Holy Crap

Inside America’s best men’s room.
Photograph by Jason Cohen

There are a dozen sit-down toilet stalls in the New Braunfels Buc-ee’s men’s room. On a recent Sunday, all of them were occupied, door locks slid to red, even as a good number of urinals—and there are 33 to choose from—went unmanned. The convenience store’s facilities are different from almost every other men’s room in America—not because they’re huge, and not because they’re busy (although both those things are true), but because elsewhere, stalls are usually a last resort. At Buc-ee’s, which prides itself on restroom cleanliness, men use the stalls because they can. 

“The Top Two Reasons to Stop at Buc-ee’s: Number 1 and Number 2,” reads one of the company’s many roadside billboards. While there’s no shortage of relief options along Interstate 35 between Dallas and San Antonio, the New Braunfels Buc-ee’s is the reigning champion of the annual “America’s Best Restroom” contest, held by bathroom and service supplier Cintas. 

As another sign boasts, these are “Rest-rooms You Have to Pee to Believe.” The men’s urinal area has 28 privacy-walled white Kohlers, and there are 5 more in the stall area. Each urinal is numbered for clean-up purposes (“We need a quick mop under number seventeen!”) and, like each stall, has its own Purell dispenser. All told, the men’s room has eight sparkling sinks, twelve always-humming automated EnMotion towel dispensers, and nine Buc-ee’s beaver–logoed pink-gel-soap dispensers (not to mention six additional public Purells). The floor-to-ceiling stall dividers eliminate the kind of, er, crawl space present at airports, and with four double-rolled dispensers of toilet paper beside each toilet, you’d never have to pass a roll between them anyway. 

“People will hold it so they can go here,” said 21-year-old Texas State University student Scott Sommerlatte, one of the five maintenance “associates” in red shirts and khaki pants who man the restroom 24/7. 

Though hopefully they haven’t been holding it for too long, because the 68,000-square-foot Buc-ee’s off exit 191 is the AT&T Stadium of convenience stores. The parking lot has nine hundred spaces, none of them “compact car only.” It takes at least 130 steps to get from the entrance to the bathroom door and another 40 or so from the bathroom threshold to reach an actual urinal. 

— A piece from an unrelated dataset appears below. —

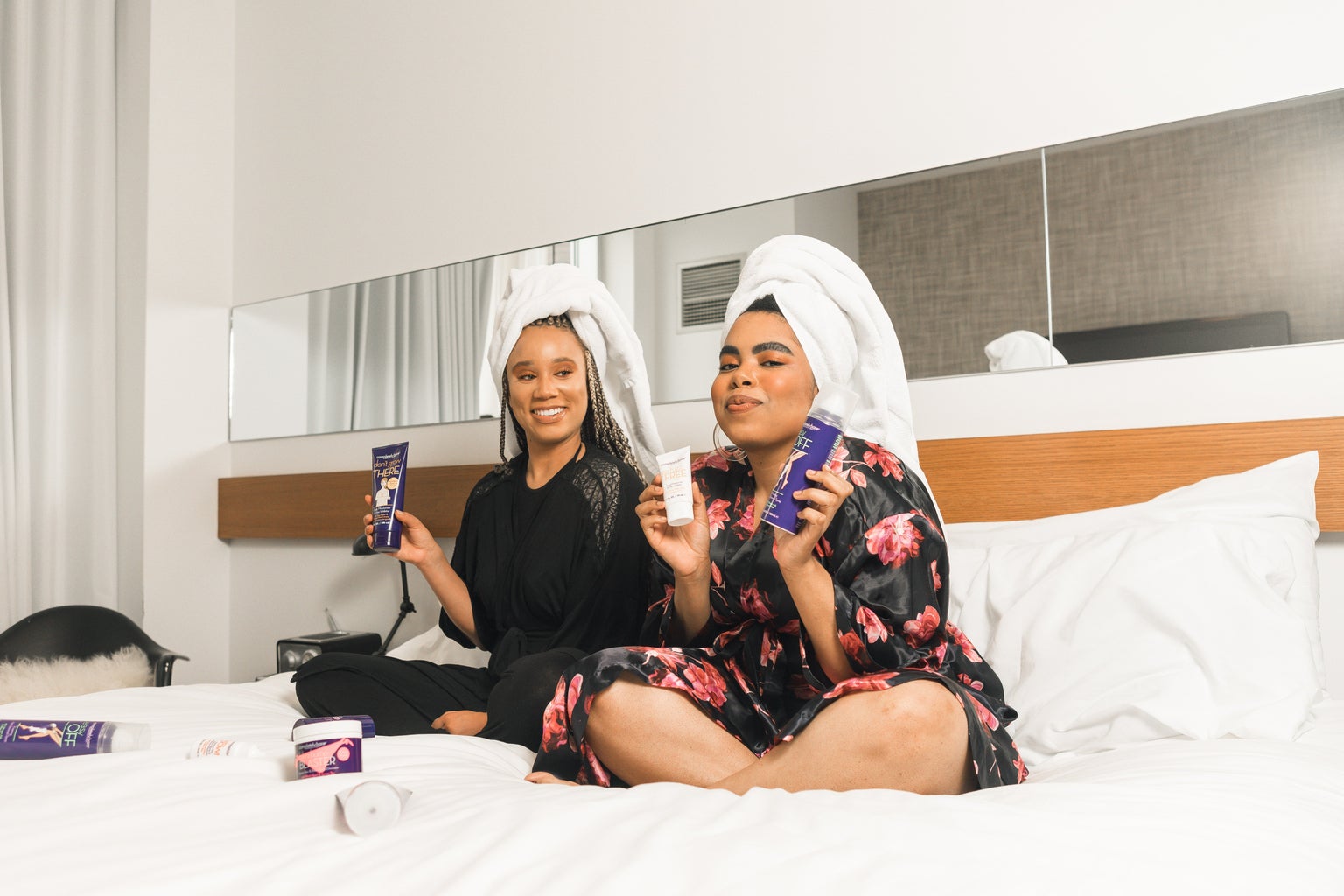 Spa day, two girls, robes, bedroom, bed, beauty products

And there are countless obstacles along the way. Weary road-trippers snap up logo merchandise, soda from the more than eighty fountains, free samples of 31 kinds of jerky, and the store’s best-selling Beaver Nuggets: corn puffs à la Cheetos, sweetened à la caramel corn. There are also Texas-shaped waffle irons, college football caps, “Have a Willie Nice Day” T-shirts, and even Texas Originals Bar-B.Q. Pits smokers for $1,205.63. (“That’s a good price,” the guy next to me said as he took a picture.) 

But really, it’s all about the bathrooms. Buc-ee’s won the most votes for the Cintas online contest, beating a hip Arizona restaurant and the Hollywood Bowl, among others. That’s because Texans, who love their Texas brands (see also Whataburger, H-E-B), enthusiastically threw their support behind the privately owned 21-location company, which started in Lake Jackson in 1982. But it also won because cleanliness counts more than gimmickry. At Buc-ee’s, there isn’t a time-and-date log keeping track of when the restroom was last cleaned, because at Buc-ee’s, the restroom is always being cleaned. “There is literally someone in there all the time,” said Arch “Beaver” Aplin, the company’s co-owner, whose nickname was the inspiration for its bucktoothed cartoon mascot. 

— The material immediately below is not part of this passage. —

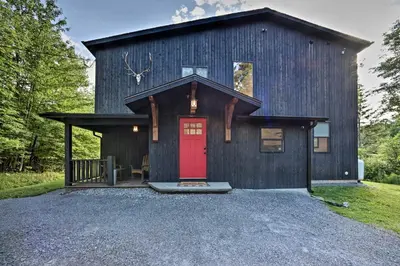 a black house with a red door on a gravel driveway at Luxury Home with Deck Explore the Catskill Mtns! in Windham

“As long as you’re always checking them, they stay pretty clean,” said Tim Morales, another 21-year-old, who has already worked his way up from maintenance associate to team leader. That is, it only becomes a dirty job if you don’t do it often enough. The biggest challenge is trying to get in there on a crowded day between the—sorry—flow of customers. Most of the time, though, the restroom is underpopulated. Having this big a bathroom and cleaning it is a loss leader. “You kind of linger around and clean sinks, waiting,” said Morales. 

The typical reaction from first-time customers, Sommerlatte said, is widened eyes “and maybe a couple of cuss words.” 

“Expletives, yeah,” agreed store manager Chris Kennedy. 

One that starts with “holy” comes to mind. Or, more tamely, “What the heck?!,” which a kid in glasses and a burnt-orange UT shirt blurted out as he rounded the corner and took in the full scope of the men’s room, before immediately turning around. Guess he didn’t have to go. Or maybe he was afraid he wouldn’t be able to find his way back out.